Integrated into a community centre and French-immersion school, Alderwood branch was located half-way down a wide hallway, opposite Alderwood Pool. A huffing fairy-tale wolf could never hope to blow down this huge open rectangle of a library, as its walls were made of giant bricks.
I couldn’t figure out why this branch seemed so familiar until I realized that it projected the same white-brick institutionalism I associate with school libraries. In fact, after I walked around the entire space, I found out that it actually was a school library as well as a Toronto Public Library. In the corner closest to the immersion school was a well-stocked selection of French materials for children. And a “Class in Progress” sign was at the ready for the next school day.
Plenty of French books abounded in the general part of the library, as did Polish and English resources. Upon closer inspection, I reconsidered my “institutional” description. It was probably an overreaction to all those white bricks, for there were many craft creations that warmed the place up: a cardboard Casa Loma replica, a model forest in a box (complete with rock cave), an ant farm with grains standing in for live insects, a zoo with abstract animal shapes, and a chateau with pebbles pasted on the exterior to fine effect. Providing further texture to the scene were two men absorbed in a game of chess, an elderly man sleeping under a life-sized plastic tree, and two fake birds (a blue jay and a cardinal) perched on porcelain branches that in turn rested on top of some bookshelves.
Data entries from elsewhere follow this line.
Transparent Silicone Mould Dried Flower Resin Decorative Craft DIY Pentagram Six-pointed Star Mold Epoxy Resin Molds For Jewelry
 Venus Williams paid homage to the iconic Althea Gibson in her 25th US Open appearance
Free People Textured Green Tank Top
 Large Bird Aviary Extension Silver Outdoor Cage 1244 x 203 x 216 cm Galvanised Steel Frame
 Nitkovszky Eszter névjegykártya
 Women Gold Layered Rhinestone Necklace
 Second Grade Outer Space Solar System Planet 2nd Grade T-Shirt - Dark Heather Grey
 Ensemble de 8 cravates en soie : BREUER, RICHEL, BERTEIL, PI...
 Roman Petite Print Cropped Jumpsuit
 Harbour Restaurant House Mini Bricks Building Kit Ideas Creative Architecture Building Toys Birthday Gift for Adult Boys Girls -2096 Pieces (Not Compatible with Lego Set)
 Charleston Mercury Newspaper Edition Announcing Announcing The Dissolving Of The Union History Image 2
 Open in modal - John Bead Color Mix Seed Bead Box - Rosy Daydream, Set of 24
To conclude this post, I’d like to compliment Alderwood Library on its clever hanging rack for ESL kits. These kits come in tough plastic bags with handles that click into place and can be hung from rods. In most libraries, the kits hang all in a row like shirts in a closet, but Alderwood’s rack was designed so that language-learning patrons could easily access the kits from four different angles. Having frequently wrestled with kits so mashed together that they discouraged browsing, I really appreciated this innovation in rack-design.